Yes, Nik supports U-Point in nearly all of its applications. While at first it is not easy to get the concept behind what U-Point is doing (at least for me it wasn't) after you play with it for a while it really becomes rather intuitive to use.

With Nik supporting LR in a plugin  fashion a set of very powerful creative tools are now available without the need to roundtrip through Photoshop. It really enhances the LR workflow I think.


----------



## Halfje-Bruin (Jun 19, 2009)

I have the Color Efex Pro plugin for NX2 and really like the abilities it gives me. I've been eying this set of tools for some time now (esp. Dfine) but what keeps me from buying is the price (I'm just an amateur) and that it still results in additional files.


----------



## wblink (Jun 19, 2009)

Kees,

WHAT additional files do you mean? I cannot find what fileformat Nik expects (TIFF,JPG I suppose). If it can work on Nikon RAW .... (sorry, I dreamed away).


----------



## wblink (Jun 19, 2009)

Kees,

Again (forgot): I am a little bit more than a total NX2 nitwit. I can use SOME functions, that's all.
Is there anything in NIK sofware that NX2 CANNOT do?


----------



## Halfje-Bruin (Jun 21, 2009)

wblink said:


> Kees,
> 
> WHAT additional files do you mean? I cannot find what fileformat Nik expects (TIFF,JPG I suppose). If it can work on Nikon RAW .... (sorry, I dreamed away).



When working from Lightroom with the Nik software it will always create a TIFF file with all adjustments and pass this to e.g. Dfine. This is because there is no development API that can be used by third party vendors to add additional entries to the development module.


----------



## Halfje-Bruin (Jun 21, 2009)

wblink said:


> Kees,
> 
> Again (forgot): I am a little bit more than a total NX2 nitwit. I can use SOME functions, that's all.
> Is there anything in NIK sofware that NX2 CANNOT do?



I'm not familiar with all the possibilities of NIK software but, as NX2 is also written by and based on NIK technology, there are features that are shared between these applications such as the U-point technology.

As I'm only familiar with NIK ColorEfex Pro for NX2 I cannot comment on the other applications in the NIK suite.
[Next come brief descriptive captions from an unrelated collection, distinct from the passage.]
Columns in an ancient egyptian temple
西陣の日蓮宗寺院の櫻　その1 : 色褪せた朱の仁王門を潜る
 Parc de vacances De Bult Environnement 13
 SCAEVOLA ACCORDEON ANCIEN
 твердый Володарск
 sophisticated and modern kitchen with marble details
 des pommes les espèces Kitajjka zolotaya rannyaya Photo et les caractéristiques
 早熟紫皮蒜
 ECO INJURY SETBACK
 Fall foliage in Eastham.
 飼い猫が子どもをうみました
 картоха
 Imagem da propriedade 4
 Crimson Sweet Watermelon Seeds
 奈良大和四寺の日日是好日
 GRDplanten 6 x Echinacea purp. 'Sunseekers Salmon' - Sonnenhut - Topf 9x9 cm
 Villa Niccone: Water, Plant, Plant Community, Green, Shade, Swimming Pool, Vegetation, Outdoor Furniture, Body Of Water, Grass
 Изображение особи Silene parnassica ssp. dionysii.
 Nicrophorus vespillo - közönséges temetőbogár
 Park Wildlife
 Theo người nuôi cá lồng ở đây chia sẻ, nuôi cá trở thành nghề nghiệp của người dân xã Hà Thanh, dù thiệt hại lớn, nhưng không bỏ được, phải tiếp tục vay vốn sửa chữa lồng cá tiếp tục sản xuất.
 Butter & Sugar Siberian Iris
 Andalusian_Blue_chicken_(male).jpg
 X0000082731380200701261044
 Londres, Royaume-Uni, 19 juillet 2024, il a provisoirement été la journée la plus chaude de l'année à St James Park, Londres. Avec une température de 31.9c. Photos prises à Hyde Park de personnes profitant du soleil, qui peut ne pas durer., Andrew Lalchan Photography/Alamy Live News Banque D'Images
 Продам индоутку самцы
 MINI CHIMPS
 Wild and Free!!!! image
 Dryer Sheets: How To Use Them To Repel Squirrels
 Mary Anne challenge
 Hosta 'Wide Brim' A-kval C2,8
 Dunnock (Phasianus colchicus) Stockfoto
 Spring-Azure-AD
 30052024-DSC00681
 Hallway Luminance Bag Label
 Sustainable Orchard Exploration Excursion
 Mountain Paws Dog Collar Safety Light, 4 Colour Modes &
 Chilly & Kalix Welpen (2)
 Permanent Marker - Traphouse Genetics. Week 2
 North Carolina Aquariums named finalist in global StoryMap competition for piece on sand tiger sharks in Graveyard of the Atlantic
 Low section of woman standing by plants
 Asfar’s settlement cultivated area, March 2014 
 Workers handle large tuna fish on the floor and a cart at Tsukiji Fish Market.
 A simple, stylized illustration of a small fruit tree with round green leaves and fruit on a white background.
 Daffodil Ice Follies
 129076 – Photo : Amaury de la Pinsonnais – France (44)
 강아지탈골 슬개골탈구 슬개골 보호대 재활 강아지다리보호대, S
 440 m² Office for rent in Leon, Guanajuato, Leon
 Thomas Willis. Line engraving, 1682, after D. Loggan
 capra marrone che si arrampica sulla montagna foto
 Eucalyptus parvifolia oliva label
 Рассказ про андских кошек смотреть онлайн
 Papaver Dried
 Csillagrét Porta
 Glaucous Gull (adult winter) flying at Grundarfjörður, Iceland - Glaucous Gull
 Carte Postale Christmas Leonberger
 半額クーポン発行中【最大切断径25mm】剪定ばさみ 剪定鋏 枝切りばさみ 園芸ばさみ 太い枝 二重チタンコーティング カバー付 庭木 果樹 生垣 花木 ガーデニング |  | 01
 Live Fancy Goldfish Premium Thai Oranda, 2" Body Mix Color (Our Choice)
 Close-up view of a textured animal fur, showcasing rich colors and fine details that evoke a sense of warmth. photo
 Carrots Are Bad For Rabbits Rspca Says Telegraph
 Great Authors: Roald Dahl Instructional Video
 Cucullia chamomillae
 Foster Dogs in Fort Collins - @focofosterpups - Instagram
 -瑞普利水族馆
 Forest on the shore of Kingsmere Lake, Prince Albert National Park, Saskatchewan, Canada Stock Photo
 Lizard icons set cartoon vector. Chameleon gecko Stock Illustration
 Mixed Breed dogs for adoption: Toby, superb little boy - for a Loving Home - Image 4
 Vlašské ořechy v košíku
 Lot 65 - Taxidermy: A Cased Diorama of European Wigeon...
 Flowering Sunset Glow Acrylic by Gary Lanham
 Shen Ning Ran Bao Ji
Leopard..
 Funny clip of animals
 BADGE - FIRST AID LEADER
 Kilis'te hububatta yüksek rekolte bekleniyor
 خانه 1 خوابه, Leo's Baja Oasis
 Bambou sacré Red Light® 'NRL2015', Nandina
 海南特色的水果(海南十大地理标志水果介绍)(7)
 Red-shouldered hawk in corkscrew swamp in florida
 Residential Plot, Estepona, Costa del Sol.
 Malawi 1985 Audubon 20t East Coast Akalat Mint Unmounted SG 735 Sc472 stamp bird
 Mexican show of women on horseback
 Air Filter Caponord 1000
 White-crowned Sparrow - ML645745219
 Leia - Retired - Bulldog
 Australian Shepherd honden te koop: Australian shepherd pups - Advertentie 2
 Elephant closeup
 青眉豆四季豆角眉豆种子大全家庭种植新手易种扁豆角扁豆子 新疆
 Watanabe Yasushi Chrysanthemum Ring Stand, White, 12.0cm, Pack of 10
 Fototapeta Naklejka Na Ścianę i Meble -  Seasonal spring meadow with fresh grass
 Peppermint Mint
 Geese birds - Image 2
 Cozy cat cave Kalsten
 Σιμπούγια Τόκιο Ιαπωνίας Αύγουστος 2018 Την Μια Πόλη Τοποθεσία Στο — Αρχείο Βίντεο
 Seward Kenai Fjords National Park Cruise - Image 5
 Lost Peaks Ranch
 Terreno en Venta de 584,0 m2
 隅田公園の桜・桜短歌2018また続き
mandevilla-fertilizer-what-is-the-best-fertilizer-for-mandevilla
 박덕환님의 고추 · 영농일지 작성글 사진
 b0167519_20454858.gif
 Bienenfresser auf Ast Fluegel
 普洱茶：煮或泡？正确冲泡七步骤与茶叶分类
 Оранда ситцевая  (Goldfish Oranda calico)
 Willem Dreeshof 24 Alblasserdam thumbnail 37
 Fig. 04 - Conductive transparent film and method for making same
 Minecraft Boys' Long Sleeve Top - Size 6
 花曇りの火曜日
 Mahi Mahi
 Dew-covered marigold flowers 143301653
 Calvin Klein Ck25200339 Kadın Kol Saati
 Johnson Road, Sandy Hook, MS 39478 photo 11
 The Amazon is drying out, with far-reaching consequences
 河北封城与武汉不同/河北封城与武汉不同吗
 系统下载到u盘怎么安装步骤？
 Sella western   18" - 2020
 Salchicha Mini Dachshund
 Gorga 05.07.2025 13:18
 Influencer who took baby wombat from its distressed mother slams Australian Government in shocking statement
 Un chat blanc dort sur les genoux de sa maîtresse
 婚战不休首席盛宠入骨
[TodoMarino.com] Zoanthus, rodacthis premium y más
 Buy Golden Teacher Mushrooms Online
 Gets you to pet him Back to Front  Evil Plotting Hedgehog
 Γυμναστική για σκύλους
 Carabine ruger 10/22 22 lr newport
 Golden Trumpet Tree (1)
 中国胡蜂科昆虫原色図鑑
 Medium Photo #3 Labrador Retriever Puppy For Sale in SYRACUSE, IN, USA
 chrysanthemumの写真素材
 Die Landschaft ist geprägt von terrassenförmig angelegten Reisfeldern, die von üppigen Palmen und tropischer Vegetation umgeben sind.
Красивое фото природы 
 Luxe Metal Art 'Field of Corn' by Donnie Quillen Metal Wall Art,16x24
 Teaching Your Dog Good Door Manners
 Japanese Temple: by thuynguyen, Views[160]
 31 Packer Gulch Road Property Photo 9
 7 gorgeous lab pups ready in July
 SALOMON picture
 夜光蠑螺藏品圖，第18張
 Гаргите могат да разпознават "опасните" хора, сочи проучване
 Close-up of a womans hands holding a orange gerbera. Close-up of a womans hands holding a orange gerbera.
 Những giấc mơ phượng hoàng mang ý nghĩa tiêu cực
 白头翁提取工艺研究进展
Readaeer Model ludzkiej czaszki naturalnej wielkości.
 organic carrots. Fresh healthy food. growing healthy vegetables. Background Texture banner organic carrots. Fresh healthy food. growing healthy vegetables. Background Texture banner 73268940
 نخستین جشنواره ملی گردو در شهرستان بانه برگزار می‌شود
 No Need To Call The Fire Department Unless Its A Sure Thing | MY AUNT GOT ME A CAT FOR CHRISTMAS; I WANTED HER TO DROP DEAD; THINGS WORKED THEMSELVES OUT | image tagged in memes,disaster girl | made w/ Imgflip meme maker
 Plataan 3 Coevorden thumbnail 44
For ColorEfex Pro most of the effects can be done with the tools NX2 provides but the ColorEfex Pro application provides a much simpler interface to the tools and settings.

Based on what I can gather from the NIK sample videos this probably holds for the other applications in the suite.


----------



## wblink (Jun 21, 2009)

Halfje-Bruin said:


> When working from Lightroom with the Nik software it will always create a TIFF file with all adjustments and pass this to e.g. Dfine. This is because there is no development API that can be used by third party vendors to add additional entries to the development module.


 
OK, just like other software. Thanks.


----------



## wblink (Jun 21, 2009)

Halfje-Bruin said:


> I'm not familiar with all the possibilities of NIK software but, as NX2 is also written by and based on NIK technology, there are features that are shared between these applications such as the U-point technology.
> 
> As I'm only familiar with NIK ColorEfex Pro for NX2 I cannot comment on the other applications in the NIK suite. For ColorEfex Pro most of the effects can be done with the tools NX2 provides but the ColorEfex Pro application provides a much simpler interface to the tools and settings.
> 
> Based on what I can gather from the NIK sample videos this probably holds for the other applications in the suite.


 
I'm sorry to quote your entire msg, but somehow my "copy" function does not work anymore ....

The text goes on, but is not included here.